Since the listing below shows pictures, leave them out and write out exactly the lines from the line with "Weicher Schaukelstuhl im" to the line with "22, MAYFIELD AVENUE, SPRINGHEAD, OLDHAM, OL4", both included, and no others.

DATASET RECORDS —
────────

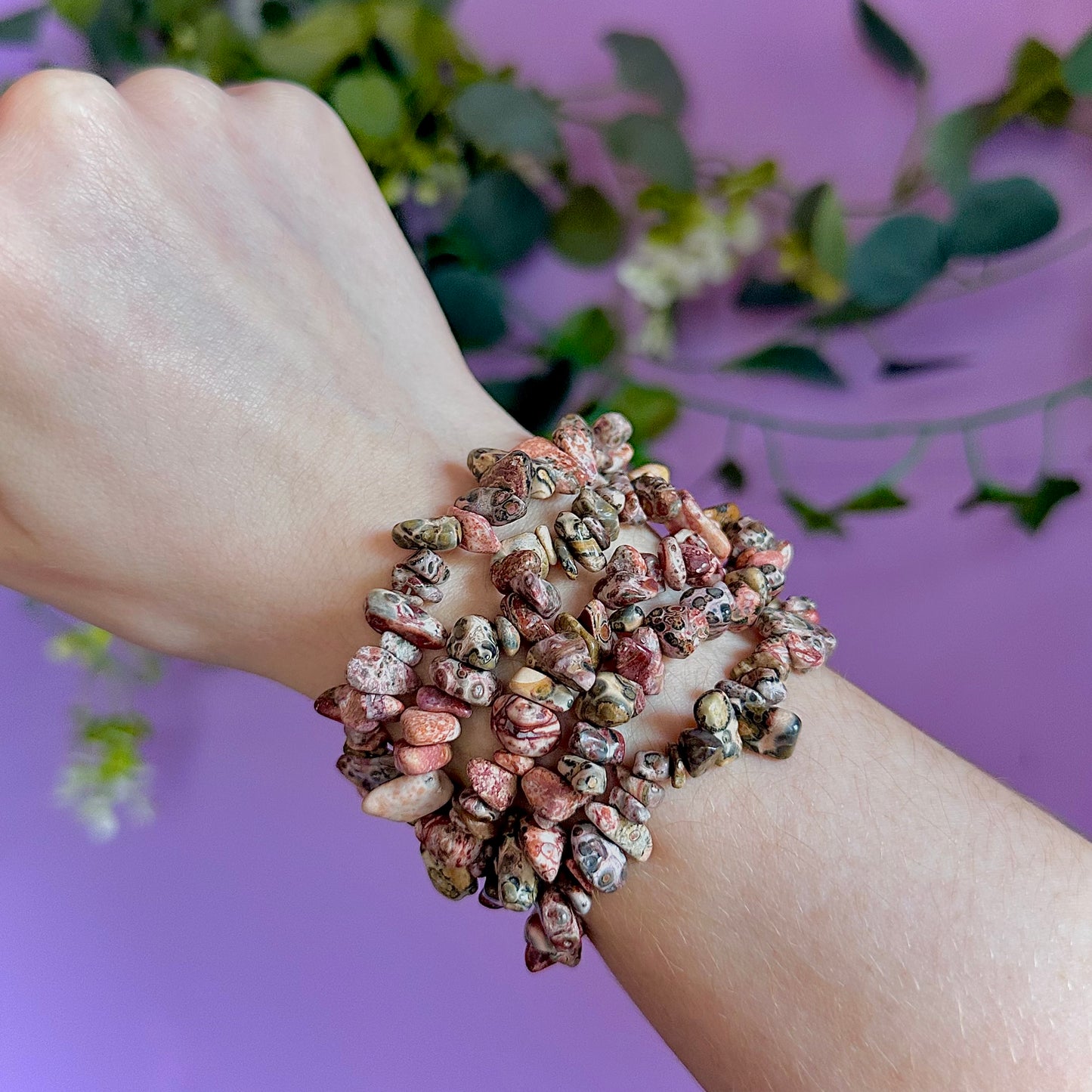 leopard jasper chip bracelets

────────

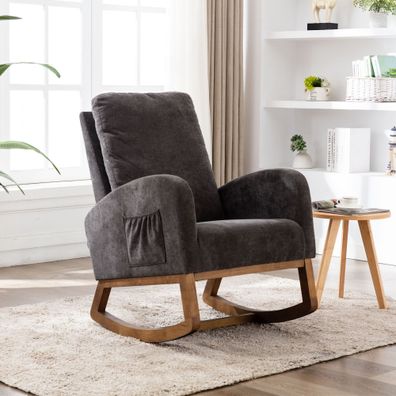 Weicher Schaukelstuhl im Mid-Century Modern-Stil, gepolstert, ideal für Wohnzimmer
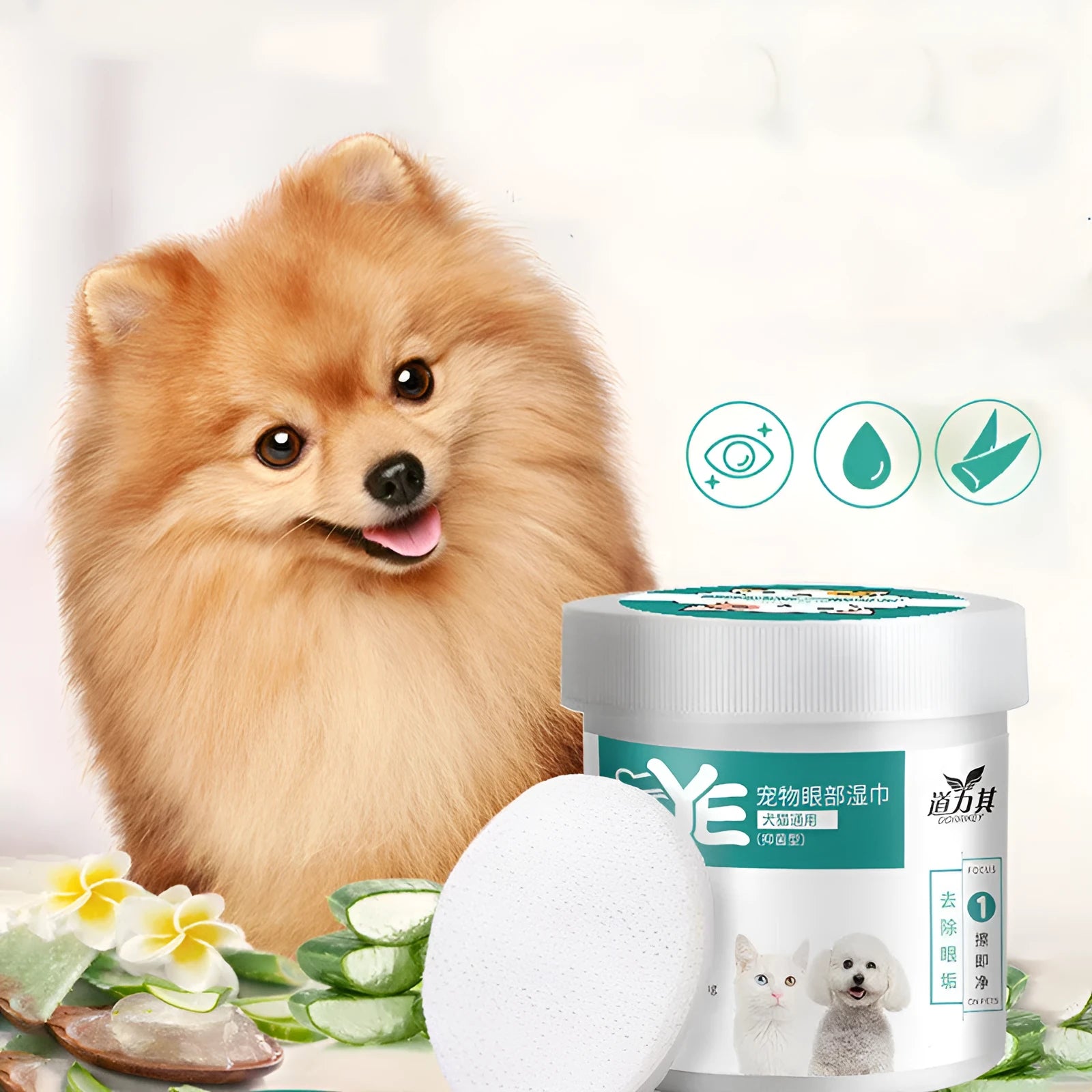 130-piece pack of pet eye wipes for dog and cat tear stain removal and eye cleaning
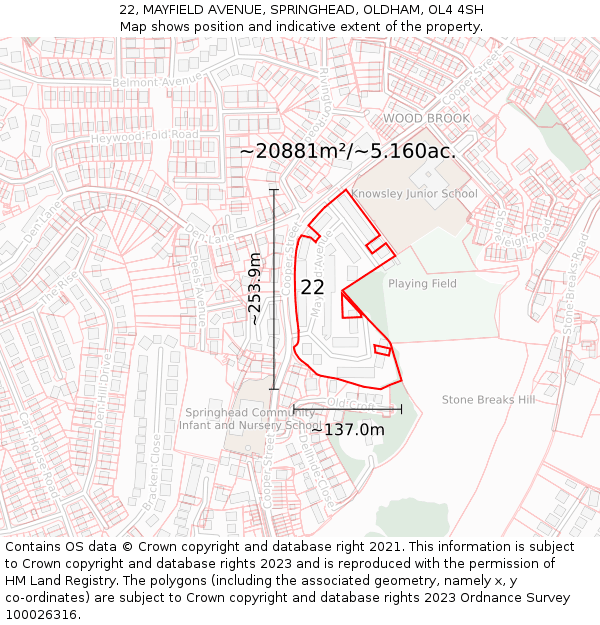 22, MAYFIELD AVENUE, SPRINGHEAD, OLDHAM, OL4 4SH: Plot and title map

────────

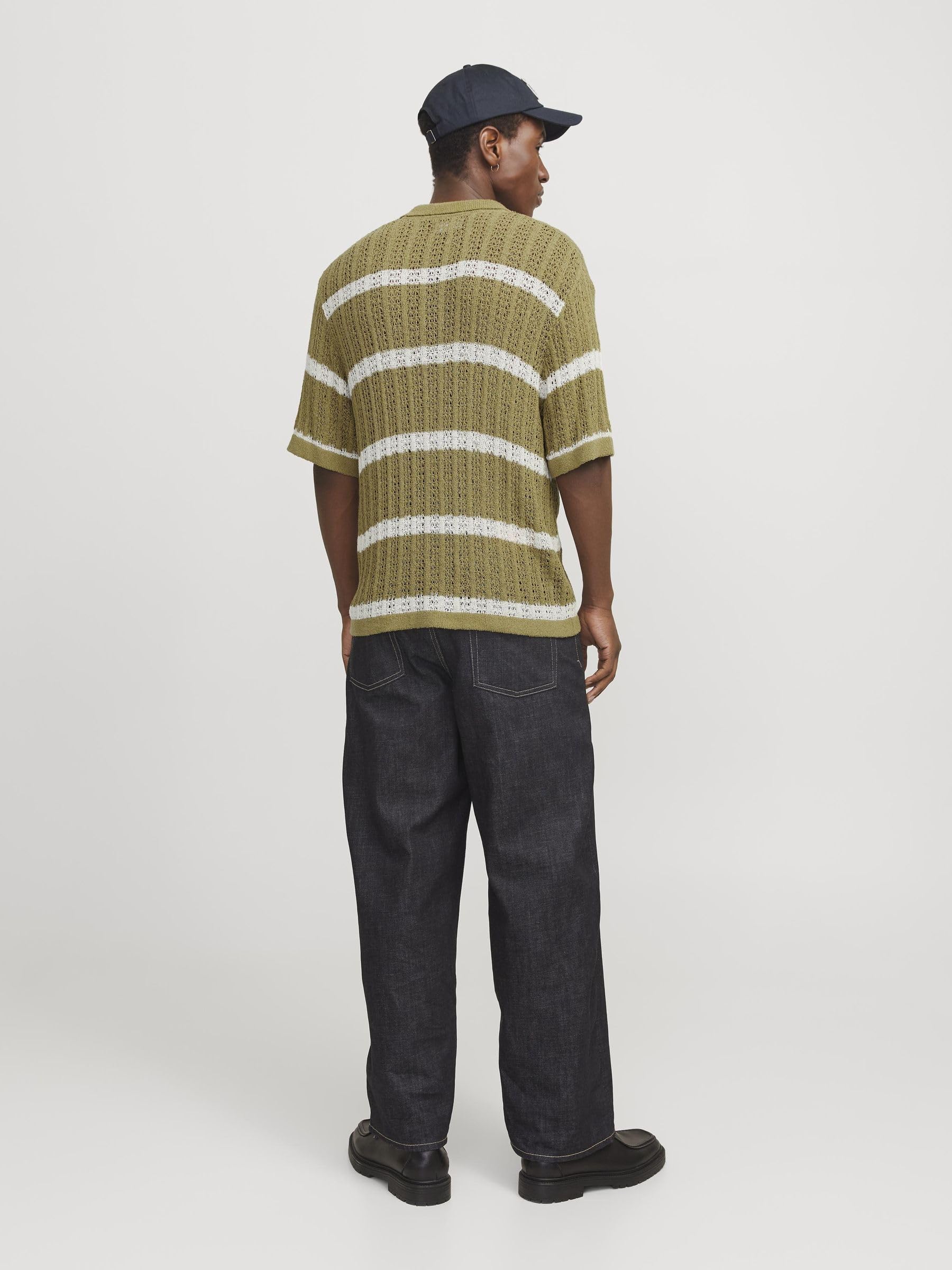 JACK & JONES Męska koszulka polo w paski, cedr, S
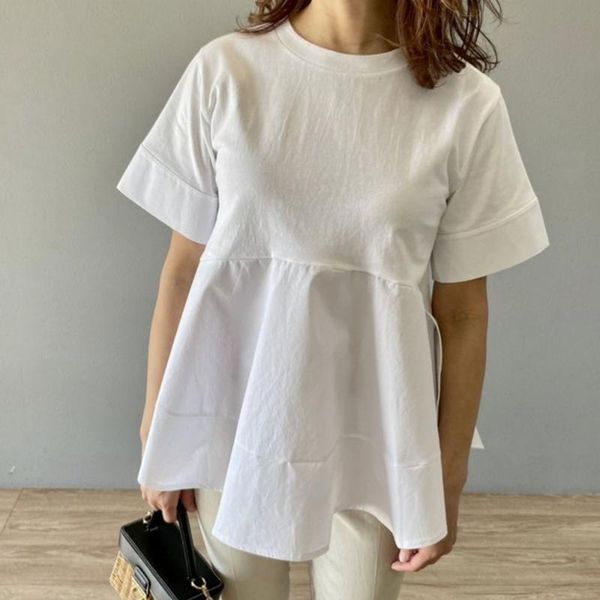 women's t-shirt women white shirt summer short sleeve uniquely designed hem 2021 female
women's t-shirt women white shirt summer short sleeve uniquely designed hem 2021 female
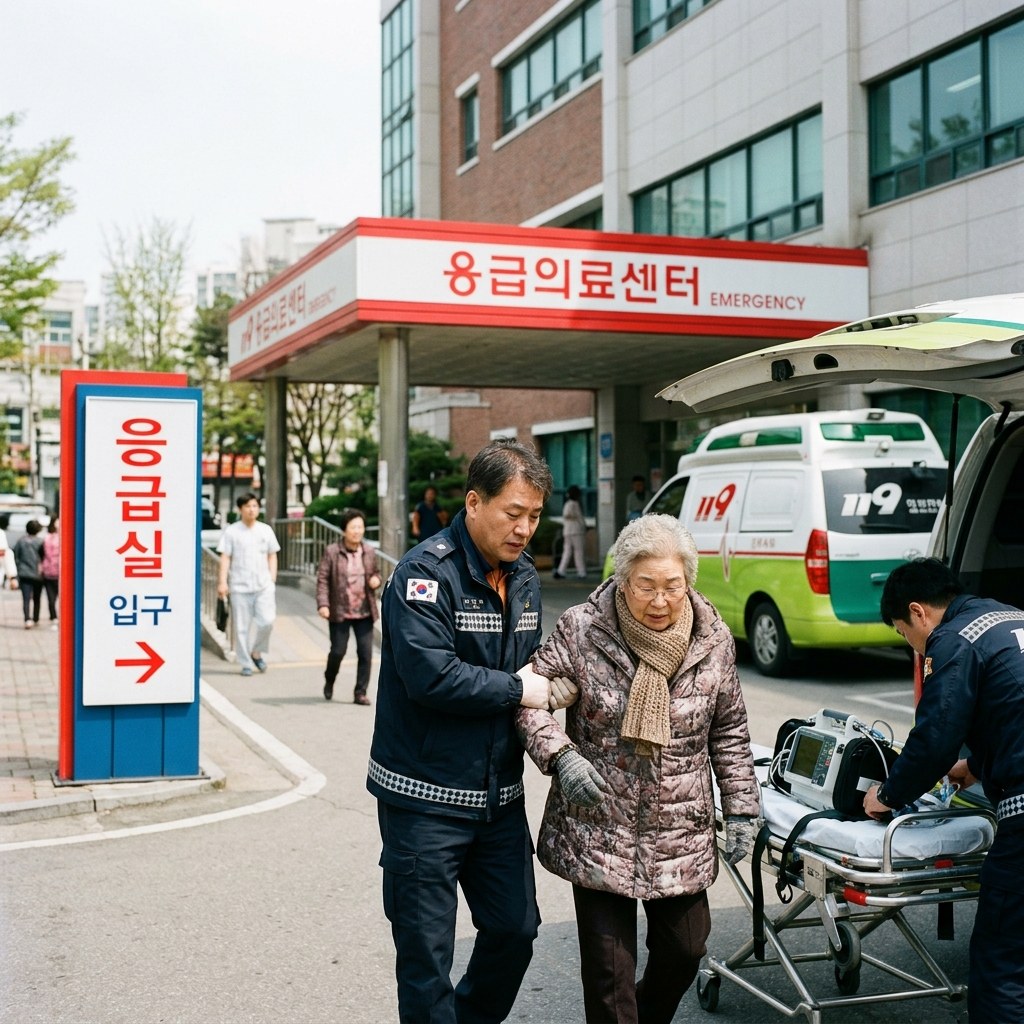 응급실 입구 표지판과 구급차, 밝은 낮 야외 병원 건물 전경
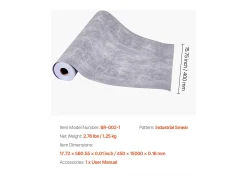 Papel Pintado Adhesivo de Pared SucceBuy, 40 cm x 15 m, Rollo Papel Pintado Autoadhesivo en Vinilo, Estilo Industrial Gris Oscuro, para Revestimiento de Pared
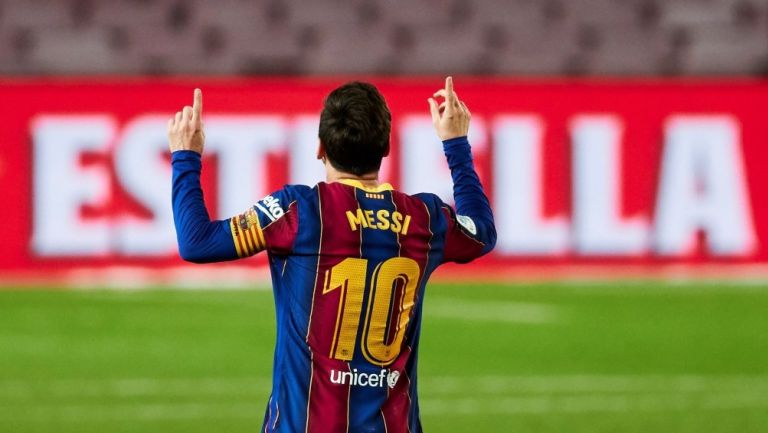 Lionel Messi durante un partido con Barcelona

────────

EXPECTED ANSWER —
 Weicher Schaukelstuhl im Mid-Century Modern-Stil, gepolstert, ideal für Wohnzimmer
 130-piece pack of pet eye wipes for dog and cat tear stain removal and eye cleaning
 22, MAYFIELD AVENUE, SPRINGHEAD, OLDHAM, OL4 4SH: Plot and title map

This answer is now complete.